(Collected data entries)
- - - - - - -
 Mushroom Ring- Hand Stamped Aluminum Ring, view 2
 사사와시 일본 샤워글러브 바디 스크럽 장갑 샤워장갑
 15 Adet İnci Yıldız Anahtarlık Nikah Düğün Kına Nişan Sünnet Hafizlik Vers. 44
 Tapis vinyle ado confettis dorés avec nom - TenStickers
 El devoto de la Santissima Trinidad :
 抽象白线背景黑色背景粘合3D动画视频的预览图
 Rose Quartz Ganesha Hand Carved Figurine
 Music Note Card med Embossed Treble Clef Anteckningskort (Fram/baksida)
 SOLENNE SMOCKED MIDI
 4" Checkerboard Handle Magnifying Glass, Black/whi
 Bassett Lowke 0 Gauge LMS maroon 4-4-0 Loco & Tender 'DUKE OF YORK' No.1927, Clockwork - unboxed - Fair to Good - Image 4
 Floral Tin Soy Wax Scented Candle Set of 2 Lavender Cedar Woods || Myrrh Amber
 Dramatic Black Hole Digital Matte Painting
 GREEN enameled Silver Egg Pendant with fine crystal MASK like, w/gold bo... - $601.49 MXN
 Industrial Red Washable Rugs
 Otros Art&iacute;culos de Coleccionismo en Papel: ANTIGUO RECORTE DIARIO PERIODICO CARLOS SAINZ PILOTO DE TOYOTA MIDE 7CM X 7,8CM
- - - - - - -
◆ **PROBLEM STATEMENT**
Only the lines from the one containing "Tapis vinyle ado" through the end of the records above belong in the answer, each exactly as written.

◆ **OUTPUT FOR THIS EXERCISE**
 Tapis vinyle ado confettis dorés avec nom - TenStickers
 El devoto de la Santissima Trinidad :
 抽象白线背景黑色背景粘合3D动画视频的预览图
 Rose Quartz Ganesha Hand Carved Figurine
 Music Note Card med Embossed Treble Clef Anteckningskort (Fram/baksida)
 SOLENNE SMOCKED MIDI
 4" Checkerboard Handle Magnifying Glass, Black/whi
 Bassett Lowke 0 Gauge LMS maroon 4-4-0 Loco & Tender 'DUKE OF YORK' No.1927, Clockwork - unboxed - Fair to Good - Image 4
 Floral Tin Soy Wax Scented Candle Set of 2 Lavender Cedar Woods || Myrrh Amber
 Dramatic Black Hole Digital Matte Painting
 GREEN enameled Silver Egg Pendant with fine crystal MASK like, w/gold bo... - $601.49 MXN
 Industrial Red Washable Rugs
 Otros Art&iacute;culos de Coleccionismo en Papel: ANTIGUO RECORTE DIARIO PERIODICO CARLOS SAINZ PILOTO DE TOYOTA MIDE 7CM X 7,8CM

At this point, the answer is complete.